Auf dem unbeleuchteten Weg stießen die beiden Fahrradfahrer zusammen. Foto: Polizei Minden-Lübbecke

Fahrradunfall mit weitreichenden Folgen

Jössen. Zu einem mutmaßlich “normalen” Verkehrsunfall zwischen zwei Radfahrern bei Jössen wurde die Polizei in den späten Abendstunden des Montags gerufen. An der Unfallstelle angekommen, traf die Streifenwagenbesatzung auf zwei verletzte Männer, aber nur noch ein Fahrrad befand sich vor Ort. Während für den einen die Nacht im Krankenhaus endete, verbrachte der Unfallgegner aufgrund eines Haftbefehls die Nacht in der Gewahrsamszelle.

Den Ermittlungen zufolge waren die beiden kurz nach 22 Uhr auf dem “Jösser Bruchweg” unterwegs. Während ein Petershäger (32) mit seinem unbeleuchteten E-Bike in Richtung Bundesstraße 482 fuhr, kam ihm ein 41-Jähriger, ebenfalls aus dem Raum Petershagen stammend, mit seinem Fahrrad entgegen. Da bei ihm das Vorderlicht defekt war, hielt er eine Taschenlampe in der Hand. Auf dem schmalen betonierten Weg stießen sie frontal zusammen und beide verletzten sich.
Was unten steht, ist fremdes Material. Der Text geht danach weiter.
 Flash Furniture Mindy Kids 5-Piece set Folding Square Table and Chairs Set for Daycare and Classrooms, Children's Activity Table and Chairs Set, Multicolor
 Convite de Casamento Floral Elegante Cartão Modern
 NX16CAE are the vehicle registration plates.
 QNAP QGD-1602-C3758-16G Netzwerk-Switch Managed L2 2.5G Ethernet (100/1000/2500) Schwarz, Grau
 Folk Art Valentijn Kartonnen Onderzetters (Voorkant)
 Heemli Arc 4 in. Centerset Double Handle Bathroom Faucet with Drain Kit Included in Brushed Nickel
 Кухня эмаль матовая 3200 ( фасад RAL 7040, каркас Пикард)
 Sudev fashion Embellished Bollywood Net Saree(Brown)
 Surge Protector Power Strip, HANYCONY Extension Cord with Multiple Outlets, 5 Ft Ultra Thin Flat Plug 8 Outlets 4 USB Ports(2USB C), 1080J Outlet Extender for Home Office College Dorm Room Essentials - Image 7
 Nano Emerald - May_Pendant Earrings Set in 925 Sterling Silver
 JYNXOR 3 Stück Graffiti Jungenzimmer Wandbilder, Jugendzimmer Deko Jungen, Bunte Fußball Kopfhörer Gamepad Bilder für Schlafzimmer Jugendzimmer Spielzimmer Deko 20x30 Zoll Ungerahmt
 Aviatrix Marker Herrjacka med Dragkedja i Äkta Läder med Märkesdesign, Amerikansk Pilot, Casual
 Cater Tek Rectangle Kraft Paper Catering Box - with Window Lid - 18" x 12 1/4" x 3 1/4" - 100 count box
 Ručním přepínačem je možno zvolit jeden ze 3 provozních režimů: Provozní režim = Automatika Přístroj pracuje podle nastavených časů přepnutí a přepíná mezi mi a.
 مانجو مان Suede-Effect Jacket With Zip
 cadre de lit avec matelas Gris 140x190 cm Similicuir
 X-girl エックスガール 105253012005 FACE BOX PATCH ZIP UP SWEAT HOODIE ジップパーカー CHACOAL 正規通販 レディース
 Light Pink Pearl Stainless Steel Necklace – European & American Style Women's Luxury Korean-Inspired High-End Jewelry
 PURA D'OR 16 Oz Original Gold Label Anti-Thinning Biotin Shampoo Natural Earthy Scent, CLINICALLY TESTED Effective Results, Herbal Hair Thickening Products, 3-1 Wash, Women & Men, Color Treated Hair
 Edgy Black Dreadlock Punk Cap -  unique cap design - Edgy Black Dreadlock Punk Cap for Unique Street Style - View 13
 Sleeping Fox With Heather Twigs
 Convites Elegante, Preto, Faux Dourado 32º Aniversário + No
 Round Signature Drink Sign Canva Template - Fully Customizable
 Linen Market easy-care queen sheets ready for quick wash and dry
Bei der Unfallaufnahme stellten die Beamten beim 32-Jährigen Alkoholgeruch fest. Zudem war sein Gefährt nicht mehr vor Ort. Dies hatte noch vor Eintreffen der Streifenwagenbesatzung ein Bekannter abgeholt. Genaue Angaben zum E-Bike wollte er zudem nicht machen. Bei der Überprüfung des Älteren stellte man fest, dass gegen ihn ein Haftbefehl vorlag. Während der eine mit dem Rettungswagen – zwecks ärztlicher Versorgung und Blutprobenentnahme – ins Johannes Wesling Klinikum verbracht wurde – führte der Weg des Zweiten ins Polizeigewahrsam Minden. Dort fand man bei ihm noch eine kleine Menge Rauschgift. Von hier aus ging es am Folgetag für die nächsten zweieinhalb Monate in die Justizvollzugsanstalt.

Noch in der Nacht fahndeten die Beamten nach dem “verschollenen” E-Bike. Hier wurden sie in Petershagen fündig. Das Rad lag mit gebrochener Gabel noch im Kofferraum des vormals beschriebenen Kombis. Der 32-jährige Besitzer des Wagens übergab es den Einsatzkräften. Bei genauerer Inaugenscheinnahme des Gefährts auf der Polizeiwache in Minden stellte man mehrere Veränderungen am Rad fest. Den Motor als Einbaukit hatte man nachträglich untergebaut. So wurde aus dem normalen Fahrrad ein fahrerlaubnis- und versicherungspflichtiges E-Bike. Noch zu erwähnen bleibt, dass es keine Beleuchtung besaß.